Mengunjungi Lagi Wellek dan Warren

Ketika buku Theory of Literature karya Rene Wellek dan Austin Warren terbit pertama kali dalam edisi terjemahan bahasa Indonesia pada awal 1989, saya masih duduk di bangku SMA. Seingat saya, istilah “intrinsik” dan “ekstrinsik” yang menjadi kategori inti dalam buku itu sudah lumayan populer sebagai bahasa teknis dalam konteks pembelajaran bahasa dan sastra Indonesia di sekolah sejak diluncurkannya kebijakan Kurikulum 1984. Artinya, sangat boleh jadi buku edisi bahasa Inggrisnya memang sudah dirujuk di kalangan akademisi sastra di kampus secara terbatas dan diteruskan secara langsung maupun tidak langsung kepada para guru dan mahasiswa calon guru bahasa dan sastra Indonesia. Saya rasa, justru karena itulah penerjemahan buku tersebut makin penting pada masa itu, terutama untuk mengatasi kesenjangan pengetahuan dalam ilmu sastra, khususnya untuk kebutuhan pembelajaran sastra di sekolah.

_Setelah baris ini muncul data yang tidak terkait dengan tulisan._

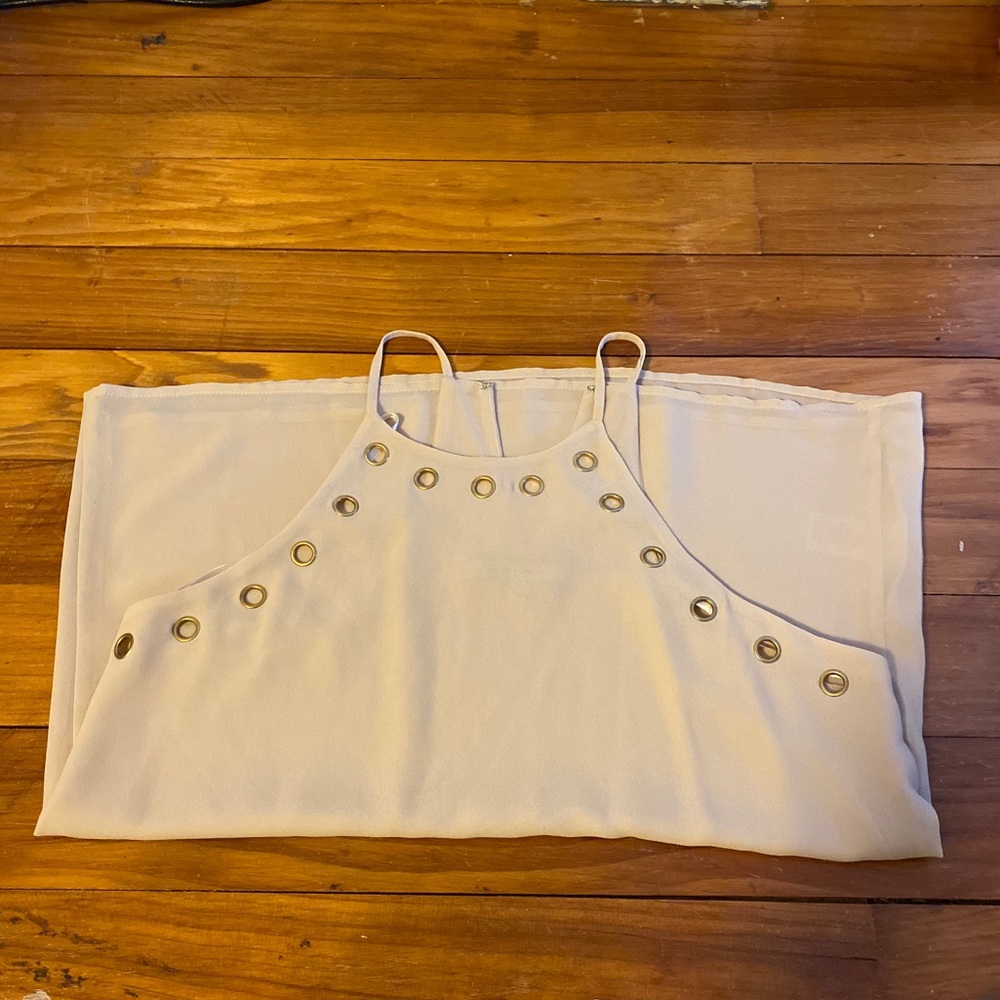 Nude tank top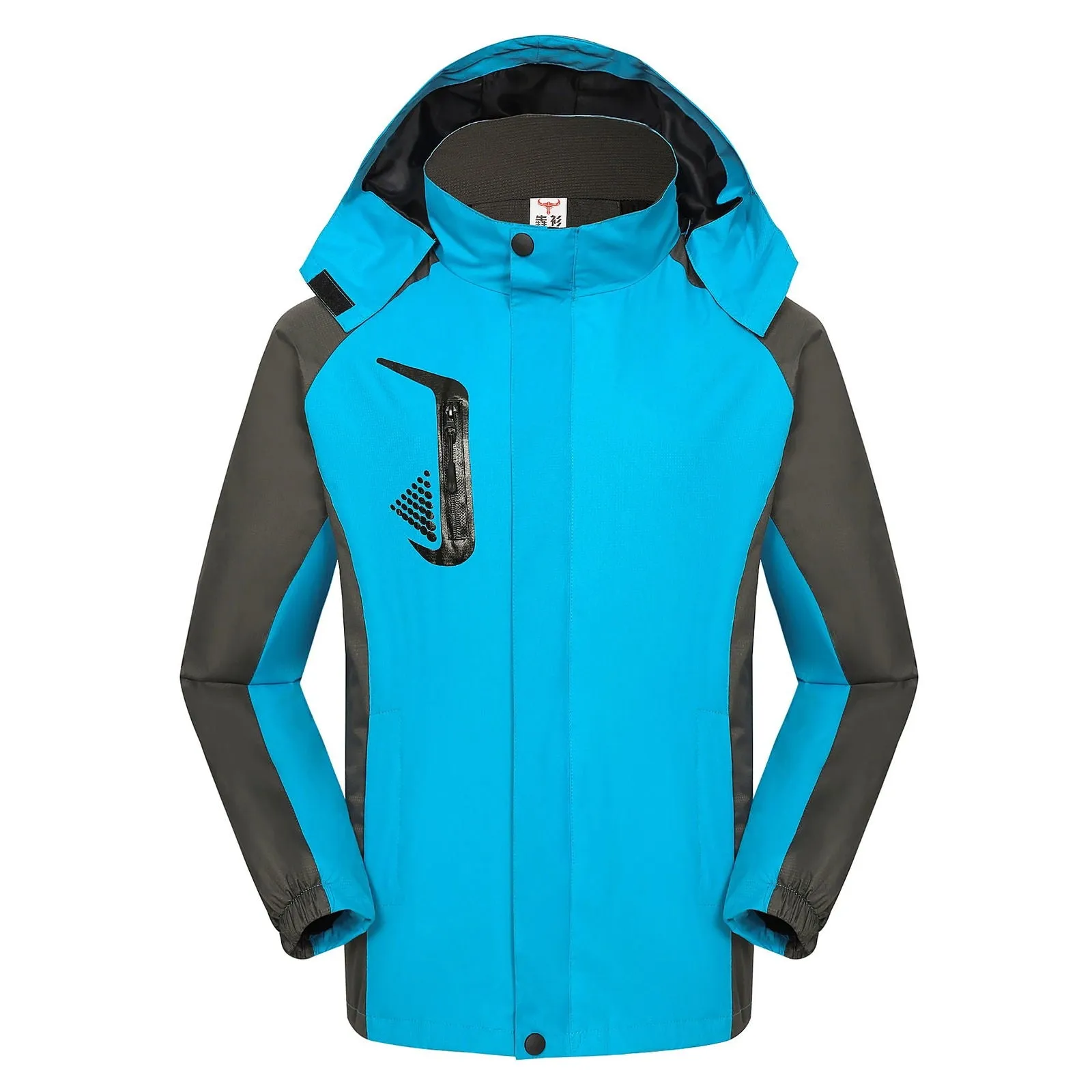Autumn and Summer Jacket Male Three-in-one Detachable Two-piece Waterproof Thin Outdoor Mountaineering Suit Diy Customization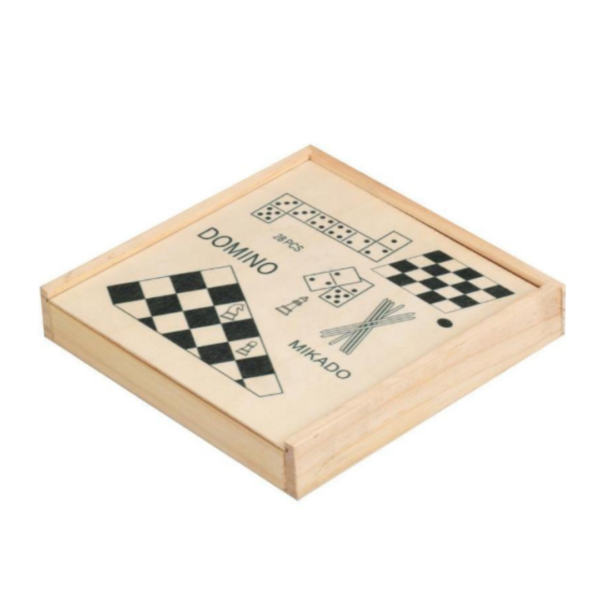 Wooden Games Box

Meski penerjemahnya, Melani Budianta, menyadari bahwa penerbitan edisi terjemahan buku itu sudah cukup terlambat, sebab edisi pertama Inggrisnya terbit pada 1949, dia menekankan bahwa buku Wellek dan Warren itu tetap dapat memberikan kesegaran karena “mempertanyakan kembali asumsi-asumsi dasar” dalam ilmu sastra. Namun, di titik kesegaran itu pula terletak jebakan akademisnya karena ternyata buku itu, apa boleh buat, juga diperlakukan sebagai semacam buku panduan untuk mahasiswa S1 di jurusan sastra atau di jurusan pendidikan bahasa dan sastra Indonesia. Padahal, Welek dan Warren sendiri sebenarnya memaksudkan buku tersebut secara khusus untuk bahan pemikiran bagi para akademisi sastra di tingkat pascasarjana untuk menjelajahi kemungkinan-kemungkinan baru dalam pengembangan ilmu sastra yang pada akhir era 1940-an masih belum mantap di kampus-kampus Amerika Serikat sendiri, tempat kedua penulis itu mengajar. Konteks khusus ini, demi aktualitas, memang sudah dihapus oleh kedua penulisnya di edisi ketiganya (1962). Edisi inilah yang kemudian menjadi bahan terjemahan Melani Budianta.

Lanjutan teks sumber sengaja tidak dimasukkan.